[Opening Data for this exercise section]
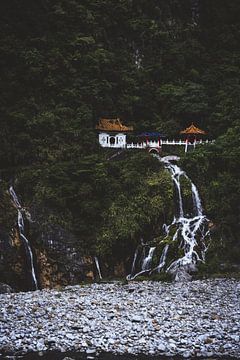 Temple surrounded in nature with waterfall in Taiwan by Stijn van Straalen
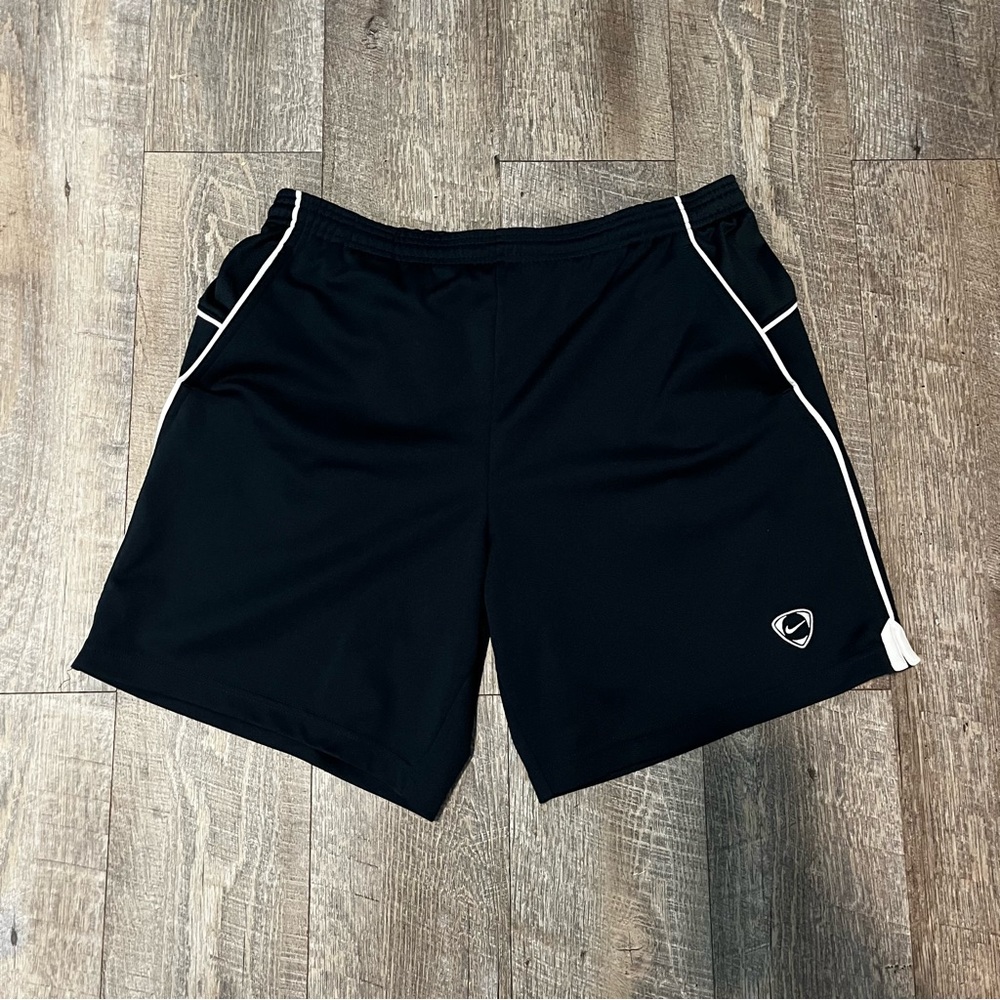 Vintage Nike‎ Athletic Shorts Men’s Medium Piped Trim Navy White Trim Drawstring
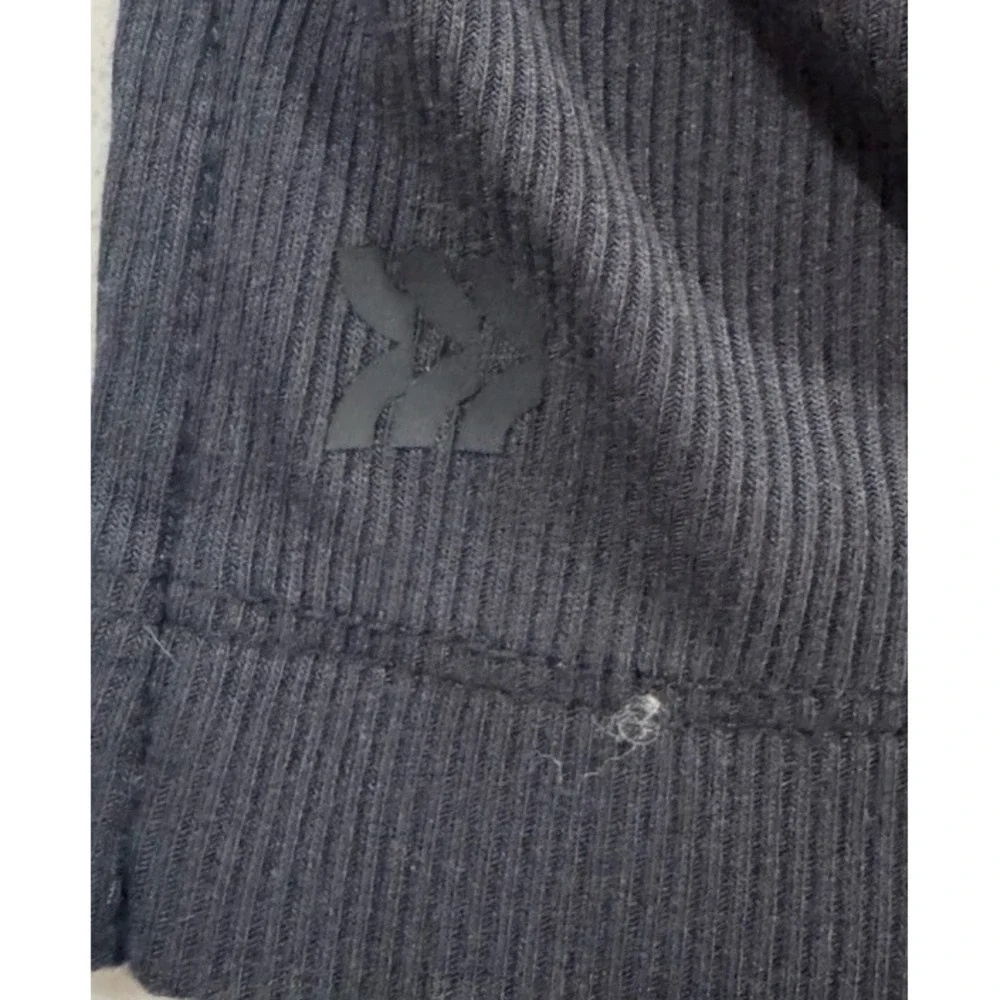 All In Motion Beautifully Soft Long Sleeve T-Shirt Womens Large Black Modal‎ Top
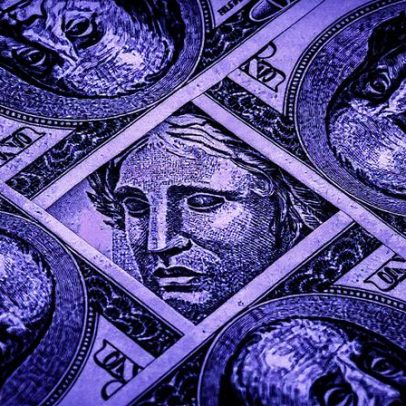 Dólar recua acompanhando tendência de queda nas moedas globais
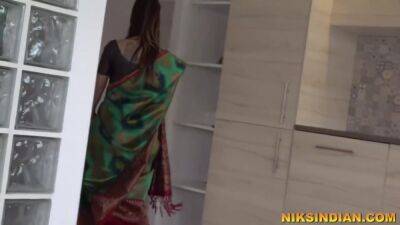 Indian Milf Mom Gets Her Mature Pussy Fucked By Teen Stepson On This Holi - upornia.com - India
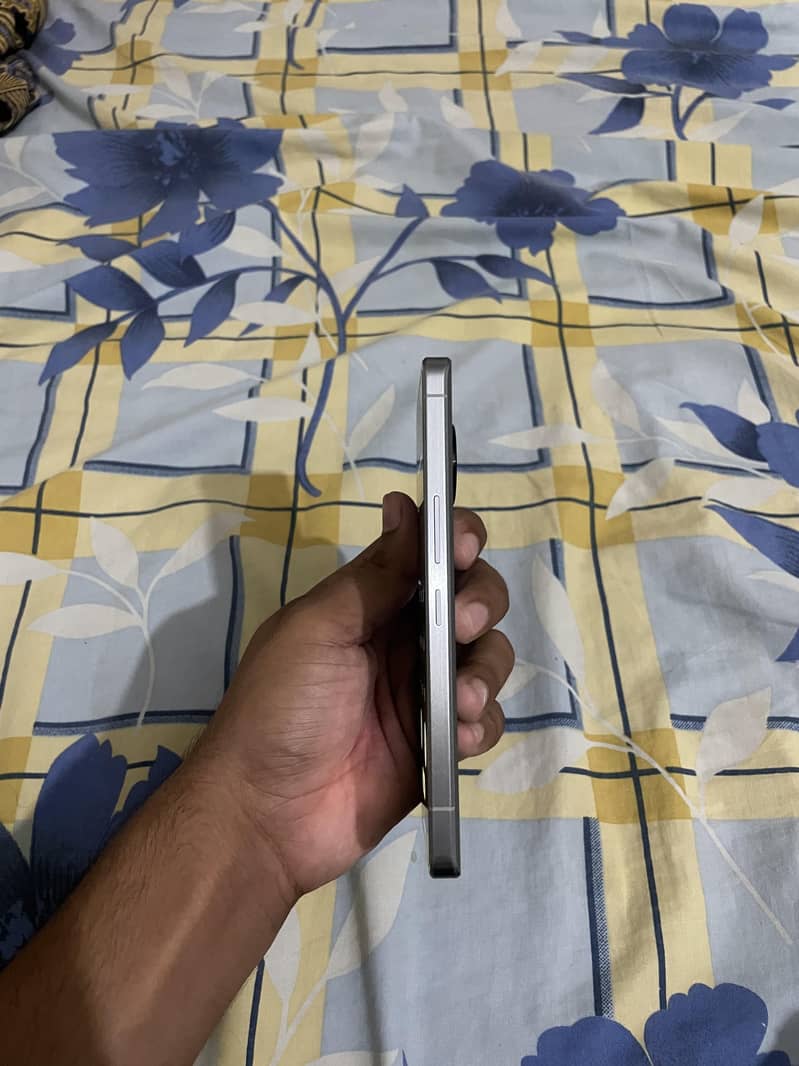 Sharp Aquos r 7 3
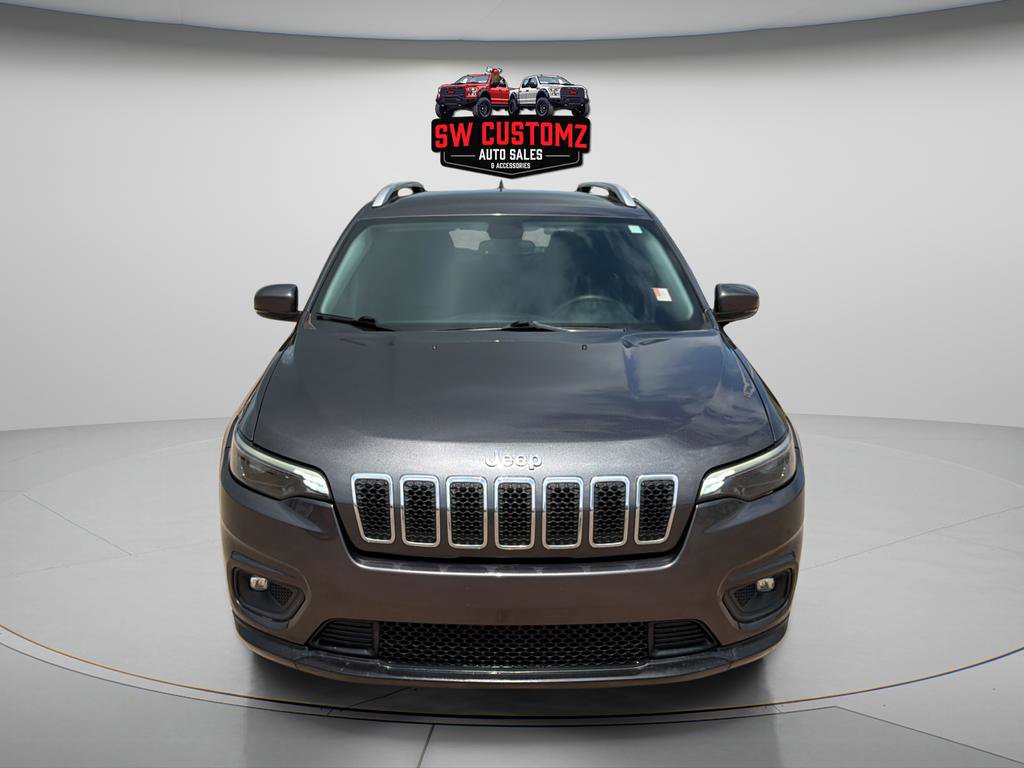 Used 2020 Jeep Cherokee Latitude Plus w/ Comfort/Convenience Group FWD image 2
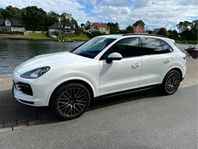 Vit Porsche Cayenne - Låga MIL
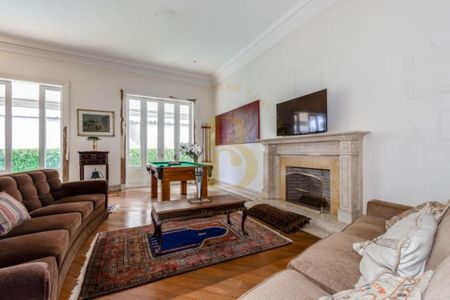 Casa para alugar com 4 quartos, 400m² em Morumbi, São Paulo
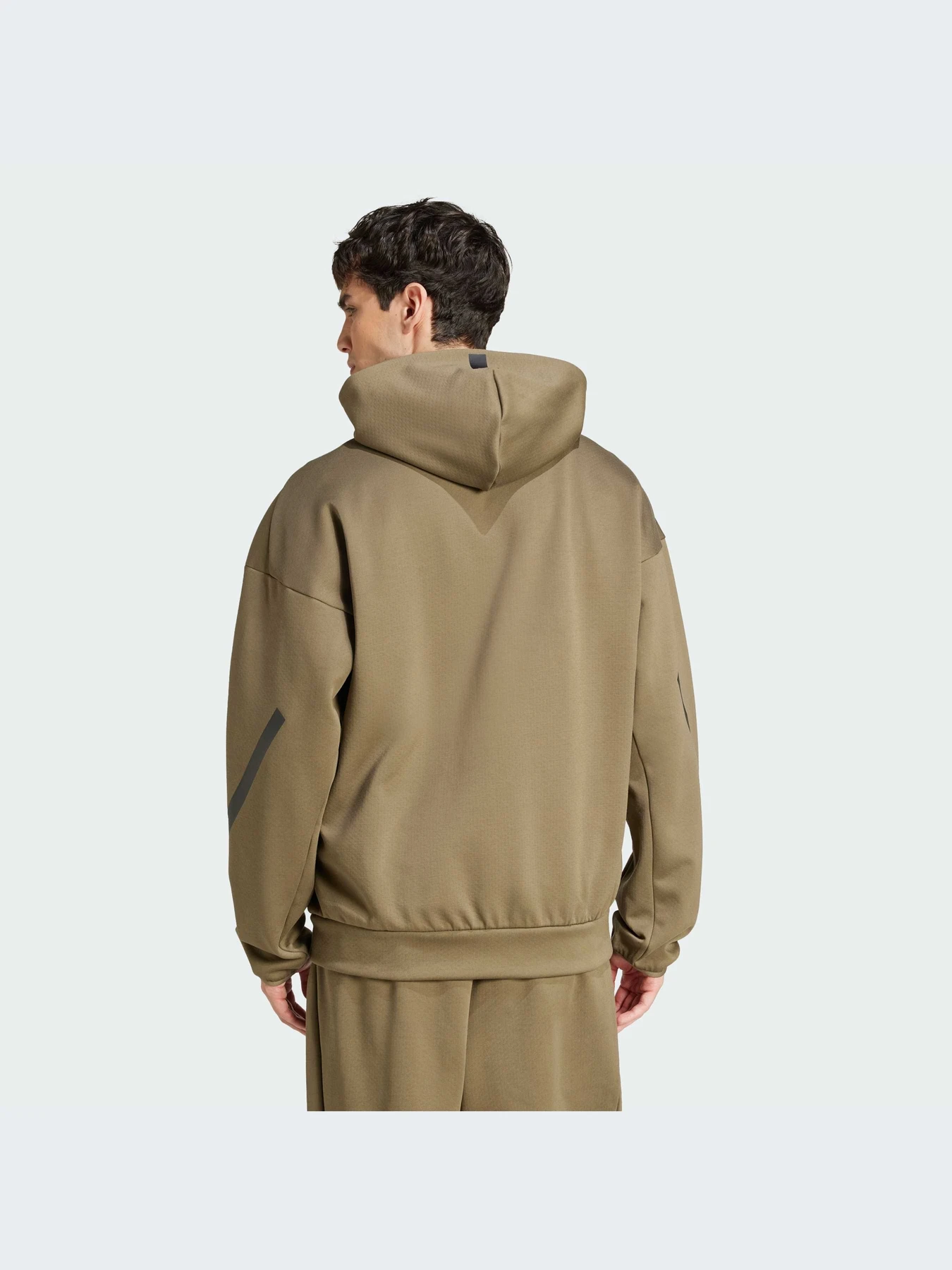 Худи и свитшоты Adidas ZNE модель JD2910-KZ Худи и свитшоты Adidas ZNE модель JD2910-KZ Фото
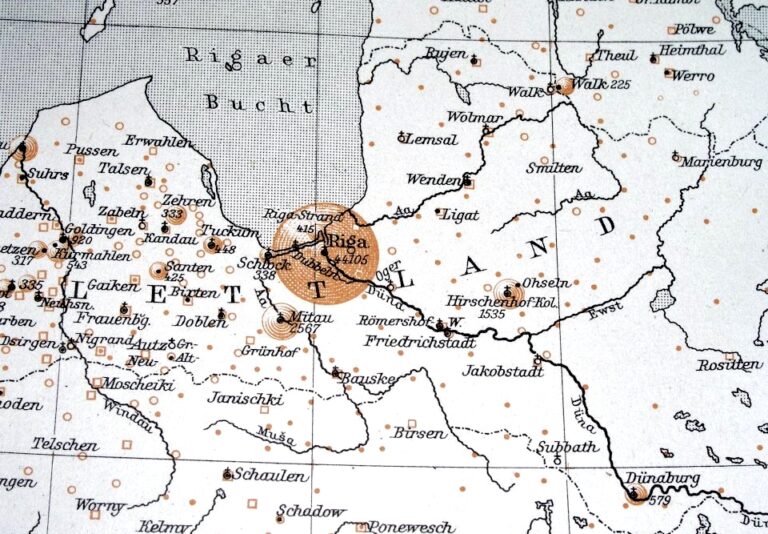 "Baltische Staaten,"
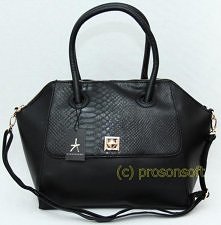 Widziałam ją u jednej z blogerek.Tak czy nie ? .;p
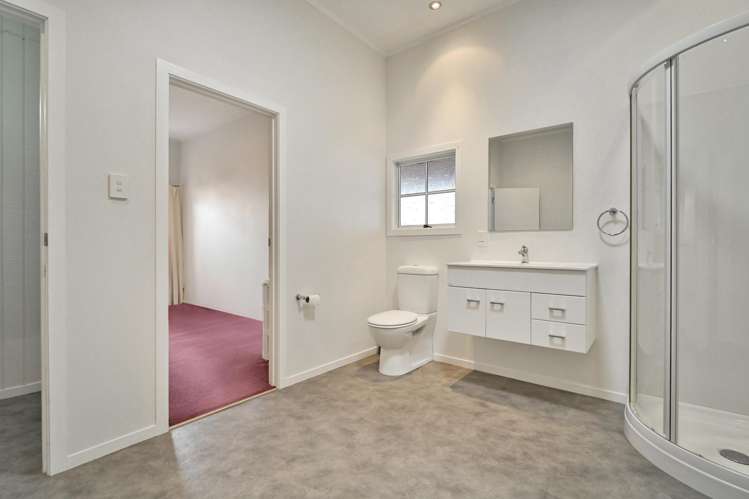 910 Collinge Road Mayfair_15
[Closing Data for this exercise section]
Directions —
Make a word-for-word copy of the records above, excluding all pictures.

Answer space —
 Temple surrounded in nature with waterfall in Taiwan by Stijn van Straalen
 Vintage Nike‎ Athletic Shorts Men’s Medium Piped Trim Navy White Trim Drawstring
 All In Motion Beautifully Soft Long Sleeve T-Shirt Womens Large Black Modal‎ Top
 Dólar recua acompanhando tendência de queda nas moedas globais
 Indian Milf Mom Gets Her Mature Pussy Fucked By Teen Stepson On This Holi - upornia.com - India
 Sharp Aquos r 7 3
 Used 2020 Jeep Cherokee Latitude Plus w/ Comfort/Convenience Group FWD image 2
 Vit Porsche Cayenne - Låga MIL
 Casa para alugar com 4 quartos, 400m² em Morumbi, São Paulo
 Худи и свитшоты Adidas ZNE модель JD2910-KZ Худи и свитшоты Adidas ZNE модель JD2910-KZ Фото
 "Baltische Staaten,"
 Widziałam ją u jednej z blogerek.Tak czy nie ? .;p
 910 Collinge Road Mayfair_15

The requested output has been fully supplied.